Backend Development 16 min read

Overview of Spring Web MVC and Spring Bean Annotations

This article provides a comprehensive guide to Spring Web MVC and Spring Bean annotations, detailing usage, attributes, and examples of @RequestMapping, @GetMapping, @PostMapping, @ControllerAdvice, @Autowired, @Scope, and various Spring Boot conditional annotations, helping developers understand and apply them effectively.

Selected Java Interview Questions
Selected Java Interview Questions
Selected Java Interview Questions
Overview of Spring Web MVC and Spring Bean Annotations

1. Spring Web MVC Annotations

@RequestMapping maps web requests to handler methods.
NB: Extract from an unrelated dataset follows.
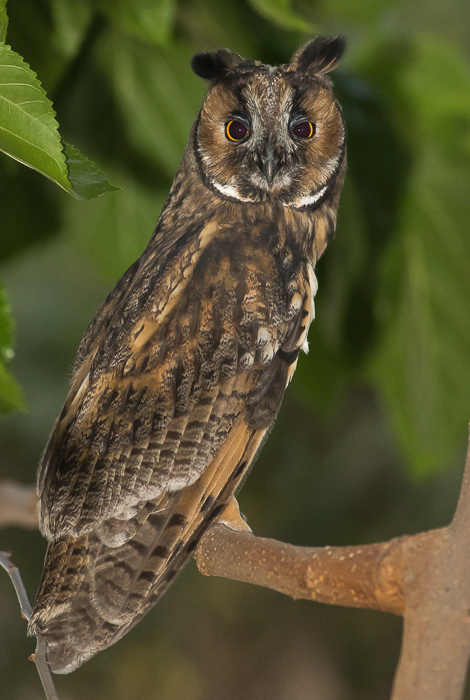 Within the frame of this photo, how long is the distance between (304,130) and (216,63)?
7.7 inches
It is supported by RequestMappingHandlerMapping and RequestMappingHandlerAdapter . The annotation has six attributes: value , method , params , header , consume , and produces . The controller class must be annotated with @Controller or @RestController .

Examples of using @RequestMapping are shown in the following images:

@RequestBody binds the request body to a method parameter using HttpMessageConverter . Validation can be added with @Valid .
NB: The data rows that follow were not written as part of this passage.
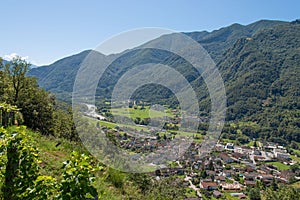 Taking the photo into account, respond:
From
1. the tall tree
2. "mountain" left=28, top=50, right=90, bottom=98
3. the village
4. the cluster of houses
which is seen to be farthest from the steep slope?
the tall tree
@GetMapping , @PostMapping , @PutMapping , @DeleteMapping , and @PatchMapping are shortcut annotations for @RequestMapping with specific HTTP methods.

@ControllerAdvice works with @ExceptionHandler , @InitBinder , and @ModelAttribute to provide global exception handling and data binding.

@ResponseBody writes the return value of a controller method directly to the HTTP response. When used on a class annotated with @RestController , it is implicit.

@ExceptionHandler marks a method to handle specific exception types thrown by controller methods.

@ResponseStatus can set the HTTP status code for a response.

@PathVariable binds URI template variables to method parameters.

@RequestParam binds request parameters to method arguments, with support for default values.

@Controller marks a class as a Spring MVC controller; @RestController combines @Controller and @ResponseBody .

@ModelAttribute adds attributes to the model before a controller method is invoked.

@CrossOrigin enables CORS support for a controller or method.

@InitBinder customizes data binding for web requests.

2. Spring Bean Annotations

@ComponentScan configures the packages to be scanned for components.

@Component marks a generic component class for Spring to manage.

@Service is a specialization of @Component for business logic classes.

@Repository marks DAO classes for persistence.

3. Spring Dependency Injection and Bean Scopes

@DependsOn forces initialization order of beans.

@Bean declares a bean method; attributes initMethod and destroyMethod define lifecycle callbacks.

@Scope defines bean scope: singleton , prototype , request , session , globalSession , etc.

@Scope(value=ConfigurableBeanFactory.SCOPE_PROTOTYPE)

4. Container Configuration Annotations

@Autowired injects dependencies into constructors, fields, or setter methods.

@Primary gives a bean higher precedence when multiple candidates exist.

@PostConstruct and @PreDestroy define lifecycle callbacks (not Spring‑specific).

@Qualifier disambiguates injection when multiple beans of the same type exist.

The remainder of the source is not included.